Malgré l'importance générale et la signification religieuse attachées à l'astronomie en Terre sainte, aucune découverte scientifique n'y fut faite. On ne mentionne nulle part d'observatoires astronomiques et d'instruments, à moins que parmi ces derniers on n'inclue une carte illustrant les diverses phases de la lune (R. II. ii. 8), et une sorte de télescope pour le calcul des distances en ligne droite (« mezofot », Yer. ‘Er. v. 22d ; « shefoferet », Bab. ‘Er. 43^). Les cieux étoilés de la Palestine intéressaient certes les Juifs comme créations d'Elohîm, comme moyens de déterminer les fêtes ; mais pour une meilleure connaissance d'eux, les Juifs durent sans doute aux Babyloniens et à leurs élèves helléniques, comme en témoigne le terme étranger « gematria », utilisé pour désigner le calcul du calendrier. Peut-être ce mot représente-t-il une transposition de ypappareia — « arithmétique, mathématiques » (Sachs, “Beiträge,” ii. 74) — « une science sœur de l'astronomie depuis les premiers temps, mais destinée en tant qu'élément mathématique à obtenir une importance adéquate seulement dans des périodes ultérieures » (Pauly-Wissowa, “Realencyklopädie der Classischen Alterthumswissenschaft,” 1831, ii.). La plupart des observations de nature scientifique furent transmises par Samuel (250), qui fréquenta les écoles des Babyloniens, et qui prétendait posséder une connaissance des régions célestes aussi exacte que celle des rues de sa propre ville Nehardea. Certaines règles devaient néanmoins exister ; car le patriarche Rabban Gamaliel (vers 100), qui appliqua les tablettes lunaires et le télescope susmentionnés, s'appuyait pour autorité sur ce qui avait été transmis par ses ancêtres paternels (Yer. R. II. ii. 585 ; Bab. R. H. 25a).

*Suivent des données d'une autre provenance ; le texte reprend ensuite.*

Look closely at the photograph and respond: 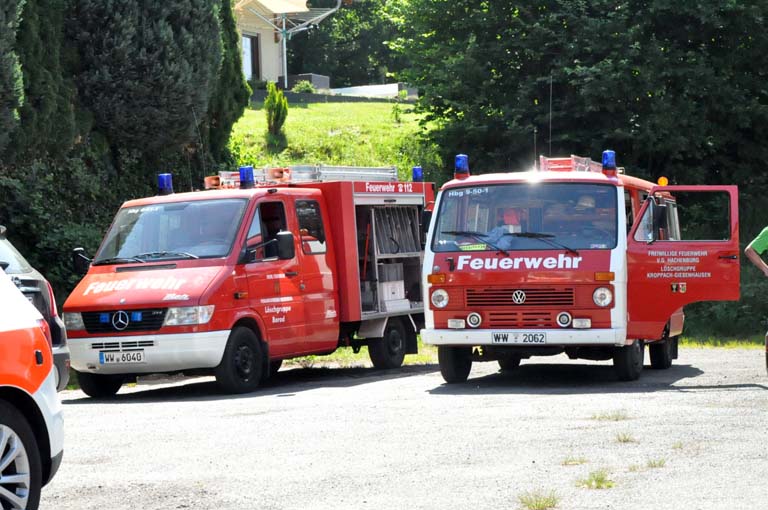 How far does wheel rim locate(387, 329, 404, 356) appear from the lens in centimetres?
1806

Comme dans la Bible, ainsi dans le Talmud le ciel et la terre désignent les deux frontières de l'univers. Le premier est une sphère creuse recouvrant la terre. Il consiste, selon une autorité, en une plaque solide et ferme de deux ou trois doigts d'épaisseur, toujours brillante et ne ternissant jamais. Une autre autorité tannaitique estime le diamètre de cette plaque à un sixième du parcours diurne du soleil ; tandis qu'un autre, un Babylonien, l'estime à 1 000 parasatigs. Selon d'autres, le diamètre du firmament est égal à la distance couverte en 50 ou 500 ans ; et cela vaut aussi pour la terre et la grande mer (« Tehom ») sur laquelle elle repose (Yer. Ber. i. 2 c ; Targ. Yer. Gen. i. 6). La distance du firmament à la terre est un voyage de 500 ans — une distance équivalente au diamètre du firmament, à travers laquelle le soleil doit percer pour devenir visible (Yer. Ber. i. 2c, bot. ; Pes. 94a). Le firmament, selon certains, consiste en feu et eau, et, selon d'autres, d'eau seulement ; tandis que les étoiles consistent en feu (Yer. R. II. ii. 58a).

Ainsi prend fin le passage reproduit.